[EXCERPTED DATA Boundary: Start]
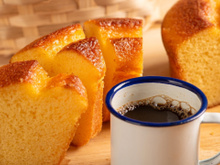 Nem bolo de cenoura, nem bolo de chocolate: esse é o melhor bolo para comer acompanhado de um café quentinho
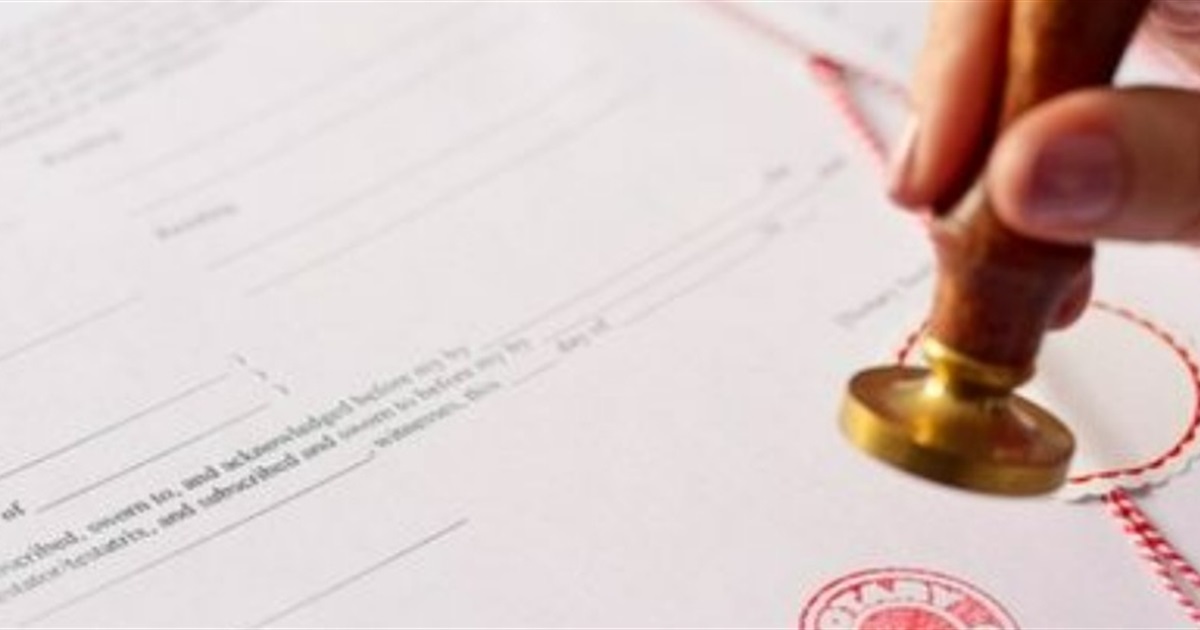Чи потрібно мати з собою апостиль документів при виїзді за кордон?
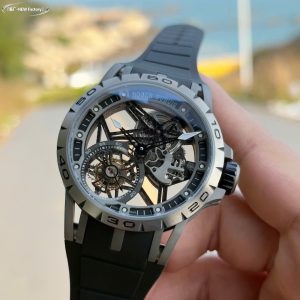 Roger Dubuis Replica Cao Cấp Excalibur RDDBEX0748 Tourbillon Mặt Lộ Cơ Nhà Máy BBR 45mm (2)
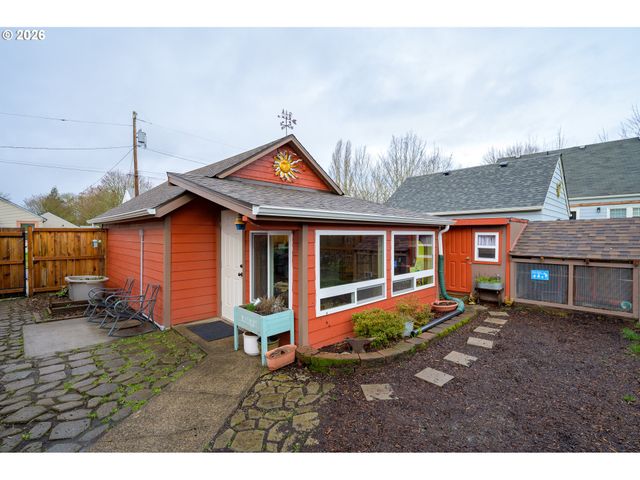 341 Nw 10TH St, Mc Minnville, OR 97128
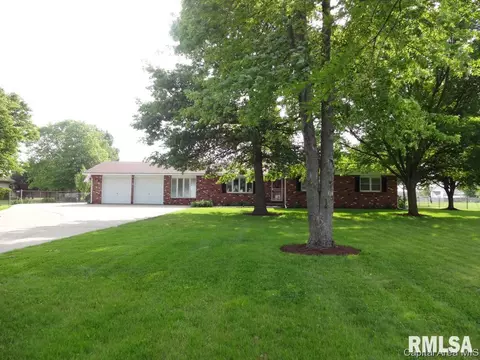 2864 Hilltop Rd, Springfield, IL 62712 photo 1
[EXCERPTED DATA Boundary: End]
**REQUIRED ACTION**
Give all the lines above again, character for character, without pictures.

**SOLUTION TO THE PROBLEM**
 Nem bolo de cenoura, nem bolo de chocolate: esse é o melhor bolo para comer acompanhado de um café quentinho
Чи потрібно мати з собою апостиль документів при виїзді за кордон?
 Roger Dubuis Replica Cao Cấp Excalibur RDDBEX0748 Tourbillon Mặt Lộ Cơ Nhà Máy BBR 45mm (2)
 341 Nw 10TH St, Mc Minnville, OR 97128
 2864 Hilltop Rd, Springfield, IL 62712 photo 1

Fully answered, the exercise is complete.